Saturday, September 30, 2006

The S&P 500 Index and Its Multiple Personality



Here is the 2003-2006 bull market from three perspectives. The red line is the one we're most familiar with: it is the S&P 500 Index (SPY). The bullish and trending yellow line represents the cumulative price change of the S&P 500 Index outside of normal market hours (overnight). The blue line, which represents only a very modest gain over the entire period, is the cumulative price change of the S&P during the normal day session from open to close.

The correlation between the blue line (Daytrading Index) and yellow line (Nighttrading Index) is .04. What happens to the S&P during normal day hours is wholly independent of what happens to it after the close and before the open. The S&P truly has a multiple personality.

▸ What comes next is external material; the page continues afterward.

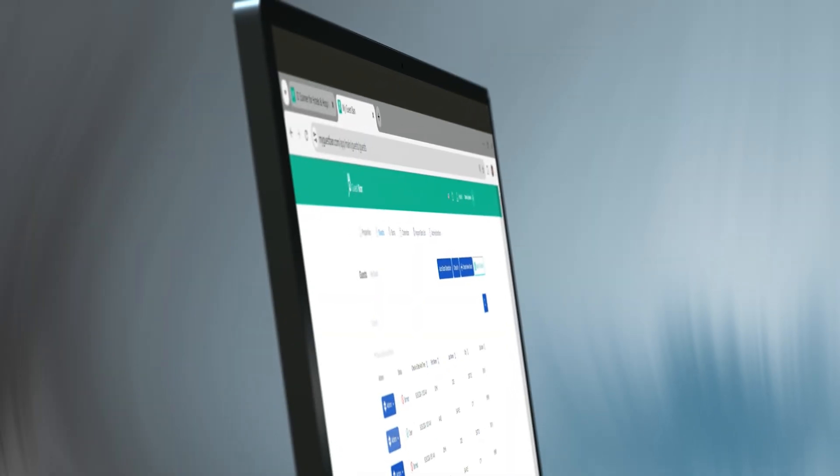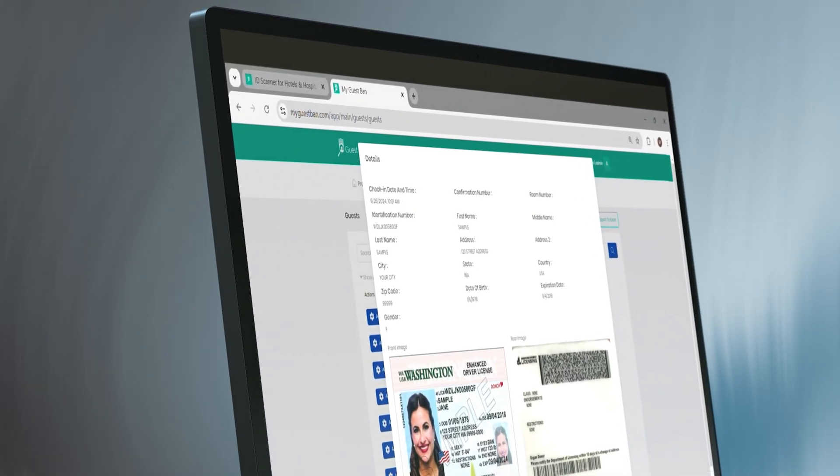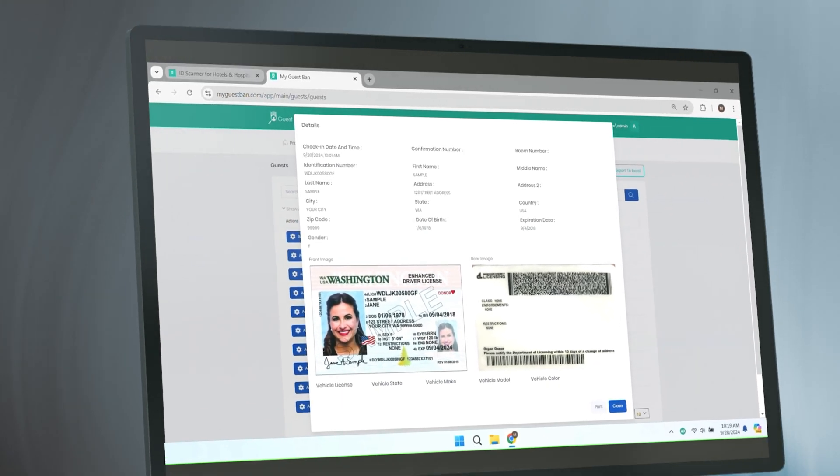With the Guest Band network, you can be alerted on guest issues, protecting your hotel. When you scan an ID, receive a guest issue alert right on your desktop and email. Remotely manage guest IDs through your web login for easy management.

There are several implications to this breakdown:

1) Analyzing the Index as a whole (SPY) to derive patterns for daytraders may be faulty methodology. To the extent that researched patterns include--and are dominated by--overnight price changes, they portray opportunity that the daytrader would never realize;

2) Trend traders operating in the day timeframe would be well advised to extend their holding periods. Their trading methods might better take advantage of the trending component of the overnight market;

3) Because over half of all NYSE volume is program trading, the day session is dominated by arbitrage. Much of the market's directional activity occurs after the close and before the open, which is when many economic reports are released and when many influential world markets (currency, oil) are operating.

Notice that I am not saying that the day timeframe lacks opportunity. Rather, I'm suggesting that daytrading has not been offering a trending opportunity, and it is offering opportunity that is independent of what occurs in the market overnight.

To capture this opportunity, might it make sense to analyze patterns within the Daytrading Index, rather than in the S&P 500 Index itself? While the Daytrading Index is not a true trading index and traders are unlikely to replicate its performance by precisely buying the open and selling the close each day, analyses of historical patterns in the Daytrading Index would provide more accurate alerts to directional movements than analyses that include time periods during which the trader will never hold positions.

One other interesting implication of all this: With the advent of free trading, might it make sense for a trader to actually trade the Nighttrading Index as an instrument? Someone who bought the close and exited at the open each day would have done well, sans commissions, during the past several years.

I will be pursuing Daytrading and Nighttrading Index patterns in my own research and report here on this blog and in the Trading Psychology Weblog.